Not sure. If the government is doing something large-scale in public (like construction projects [or maybe global IP routing]), they should communicate what is happening before doing it, in order to not phase people.
Eh, I wouldn't be surprised if an org like the Pentagon is secretive about things that aren't really necessary to be secrets. It's just kinda in their nature to be that way (kinda like Apple's default-secrecy about products and features).
(Also, sorry to be That Guy, but this one always gets to me: in the sense you've used it, it's "faze", not "phase".)
I used to work in intelligence. "Secrecy creep" has long been a serious problem inside DoD. How information get classified has largely been left up to low level federal bureaucrats, people my father used to angrily refer to as "big haired women from Mississippi". Basically, they are low level federal office drones, with minimal knowledge about the actual content of classified programs, who re left to determine how they are classified. They start with the core information of a project and classify it "Top Secret". Then they take all the peripheral information of that project and classify it TS as well, just to be safe, because it might overlap with the core info, but they have no clue because they're a GS-4 clerk from Boogerville with a high school diploma. Later as more content is generated in a program, stuff peripheral to the previous peripheral data, which realistically should be classified "Confidential" at most, it too gets classified as TS because of its proximity to the previously over-classified peripheral data. Lather-Rinse-Repeat for a few decades and you have huge swathes of widely known, utterly inconsequential information classified Secret or Top Secret.
Don't answer this if it isn't legal to answer, but do you have any examples you can share? I can entirely picture the process, and completely believe that it happens, but I don't have a mental image of what the end result looks like.
Yeah. I once worked on a project implementing the software for a fighter aircraft first-line test set - the kind of thing that a maintainer would connect up to the pylons to check out the wiring and make sure the right voltages were getting where they were meant to.
We had to run the whole project on a completely separate network from the rest of the business due to the classification of the software, which was driven entirely by a handful of frequencies used in testing; details of which were also broadly available from OSINT sources.
Things are often classified because of how we know the cat died, not because the cat was special. Suppose you've recruited a foreign intelligence officer to work for you and he happens to mention the cat dying during a debriefing. You can't just declassify the unimportant bits because enough of them will tell you who said it.

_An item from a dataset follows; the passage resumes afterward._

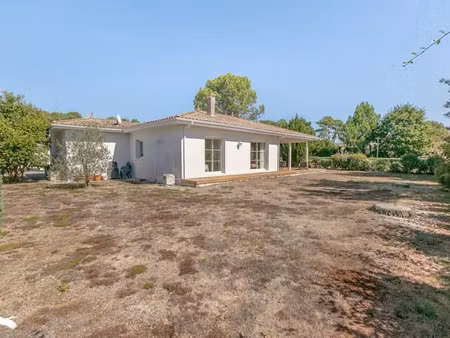 vente maison 4 pièces 110 m² à ares (33740)  779 999 €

It's the same problem as FAANG collecting mountains of "anonymous" metrics. Pretty soon, you can determine who the "anonymous" user is.
I think everyone knows we are in Afghanistan and the cat was a stray on our base. But you’re right. Maybe the fact that Nothing Happened was what was classified, not the cat? Who knows.
Right, because if there's anything the Pentagon has been known for over the past seven decades or so it's clear publication and transparent disclosure of all its large scale classified projects so as not to phase the public.